Later that year, Jackson presented his case against the bank in a speech to Congress; to his chagrin, its members generally agreed that the bank was indeed constitutional. Still, controversy over the bank lingered for the next three years. In 1932, the divisiveness led to a split in Jackson's cabinet and, that same year, the obstinate president vetoed an attempt by Congress to draw up a new charter for the bank. All of this took place during Jackson's bid for re-election; the bank's future was the focal point of a bitter political campaign between the Democratic incumbent Jackson and his opponent Henry Clay. Jackson's promises to empower the "common man" of America appealed to the voters and paved the way for his victory. He felt he had received a mandate from the public to close the bank once and for all, despite Congress' objections. Biddle vowed to continue to fight the president, saying that "just because he has scalped Indians and imprisoned Judges [does not mean] he is to have his way with the bank."
On September 10, 1833, Jackson removed all federal funds from the Second Bank of the U.S., redistributing them to various state banks, which were popularly known as "pet banks." In addition, he announced that deposits to the bank would not be accepted after October 1. Finally, Jackson had succeeded in destroying the bank; its charter officially expired in 1836.
Jackson did not emerge unscathed from the scandal. In 1834, Congress censured Jackson for what they viewed as his abuse of presidential power during the Bank War.”

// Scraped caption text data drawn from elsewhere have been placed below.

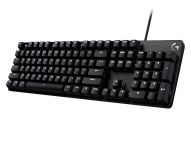 Logitech G G413 SE tastiera gaming cablata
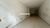 Sala-Conjunto, 38 m² - Foto 4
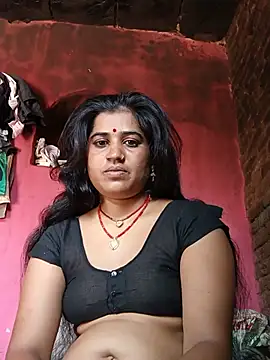 Hot kamla online show from 06-23-26, 06:00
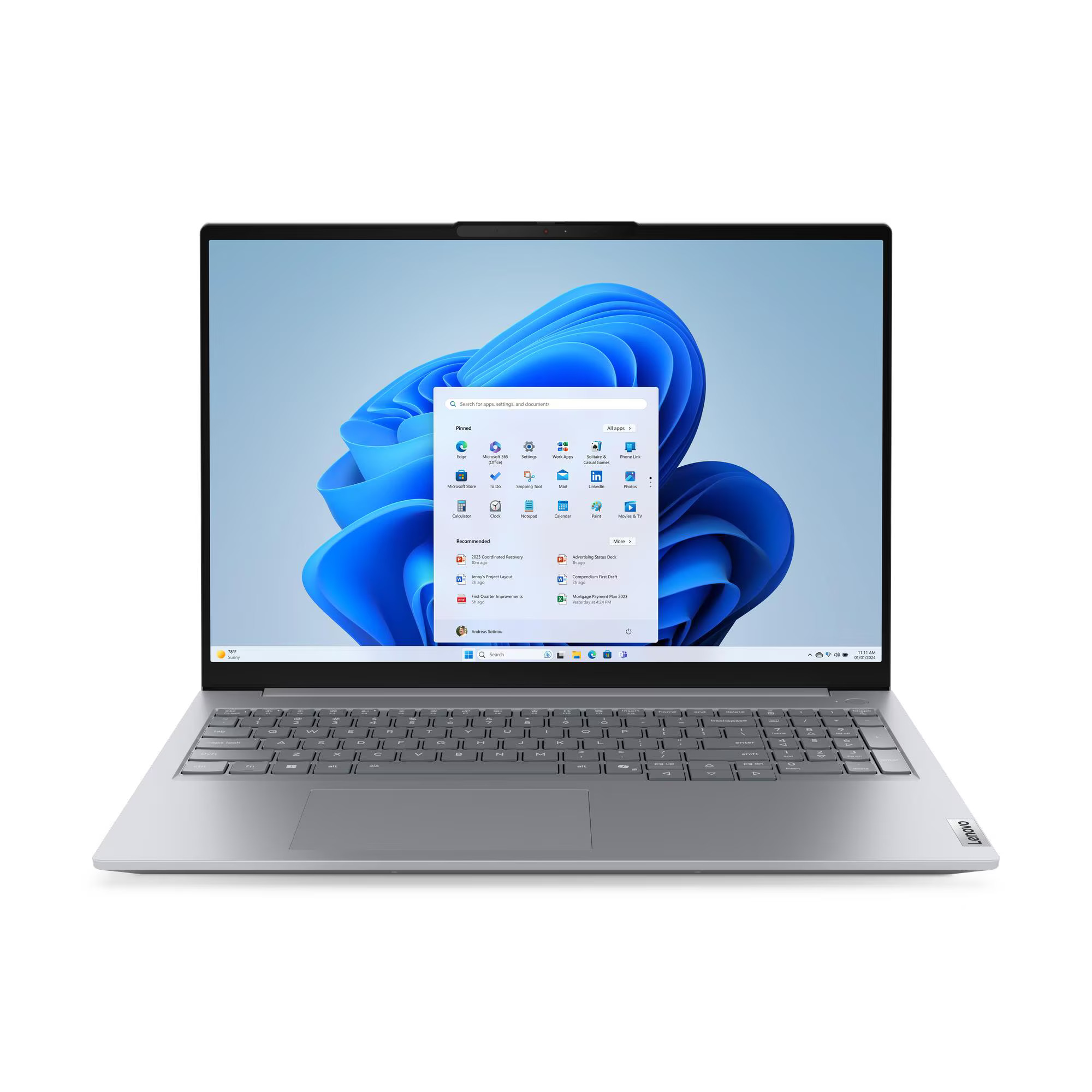 Lenovo%20Thınkbook%2016%20G8%2021sk007utx%20Ultra%207%20255h%2016gb%20512gb%20Ssd%2016’’%20Freedos%20Notebook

First drunk driving arrest, Sep 10, 1897:
“On this day in 1897, a 25-year-old London taxi driver named George Smith becomes the first person ever arrested for drunk driving after slamming his cab into a building. Smith later pled guilty and was fined 25 shillings.
Despite the stiff penalties and public awareness campaigns, drunk driving remains a serious problem in the United States. In 2005, 16,885 people died in alcohol-related crashes and almost 1.4 million people were arrested for driving under the influence of alcohol or drugs”
“In 2011, 9,878 people died in drunk driving crashes - one every 53 minutes
An average drunk driver has driven drunk 80 times before first arrest.
About one-third of all drivers arrested or convicted of driving while intoxicated or driving under the influence of alcohol are repeat offenders.
Adults drank too much and got behind the wheel about 112 million times in 2010 - that is almost 300,000 incidents of drinking and driving each day.
Drunk driving costs each adult in this country almost $500 per year.
Every day in America, another 27 people die as a result of drunk driving crashes.
50 to 75 percent of convicted drunk drivers continue to drive on a suspended license.
In 2011, 226 children were killed in drunk driving crashes. Out of those 226 deaths, 122 were riding with the drunk driver.”
This time, Misty wanted to go for her walk when I picked up Jay.
We put up more panels on the porch roof over my front door. One more section to go. This is the long part of the angle of the porch, so it takes two panels to do each section now. We have to make sure that they overlap over the 1x4 stripping and keep the seams over the rafters, so that they don’t show. This means cutting some panels.
The metal carport people are supposed to be here to install it today.